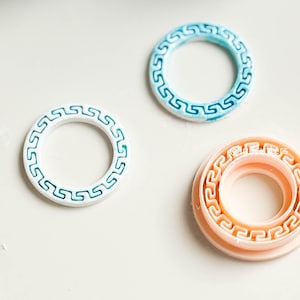 May include: Three decorative rings with a Greek key design. One ring is white with teal accents, another is light blue with darker blue accents, and the third is peach-colored. The rings are on a white surface.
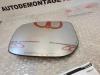 Spiegelglas links van een Toyota Yaris II (P9) 1.3 16V VVT-i 2007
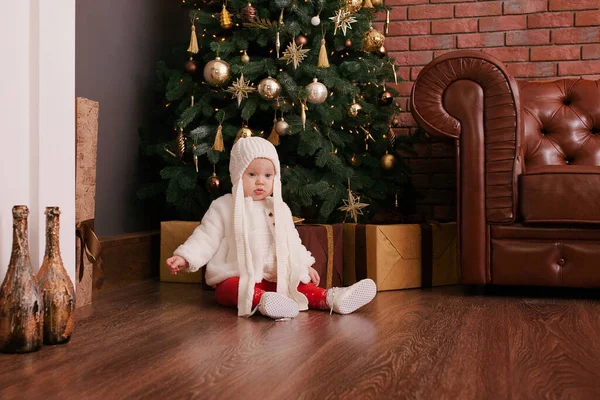 Happy baby smile near the Christmas tree — Stock Photo, Image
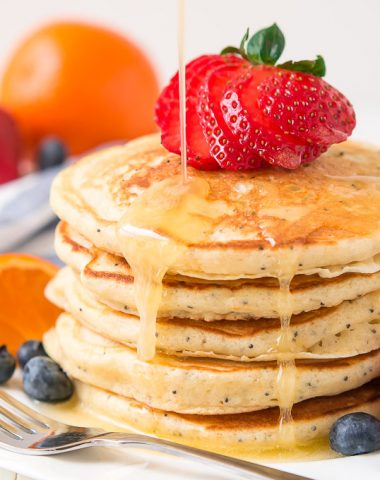 Your weekends just got a whole lot better with these Orange Poppy Seed Pancakes. Top with fresh berries and Orange Syrup and you'll be in heaven.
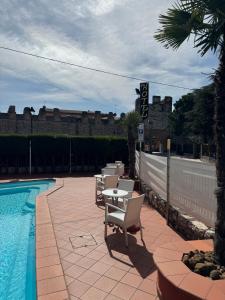 een patio met een tafel en stoelen naast een zwembad bij Hotel Le Mura in Lazise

○ ○ ○ ○ ○

● **Try it**
Return, exactly as they stand, the lines from the opening line of the listing through the line with "Your weekends just", both ends counted, and no pictures.

● **Answer section**
 May include: Three decorative rings with a Greek key design. One ring is white with teal accents, another is light blue with darker blue accents, and the third is peach-colored. The rings are on a white surface.
 Spiegelglas links van een Toyota Yaris II (P9) 1.3 16V VVT-i 2007
 Happy baby smile near the Christmas tree — Stock Photo, Image
 Your weekends just got a whole lot better with these Orange Poppy Seed Pancakes. Top with fresh berries and Orange Syrup and you'll be in heaven.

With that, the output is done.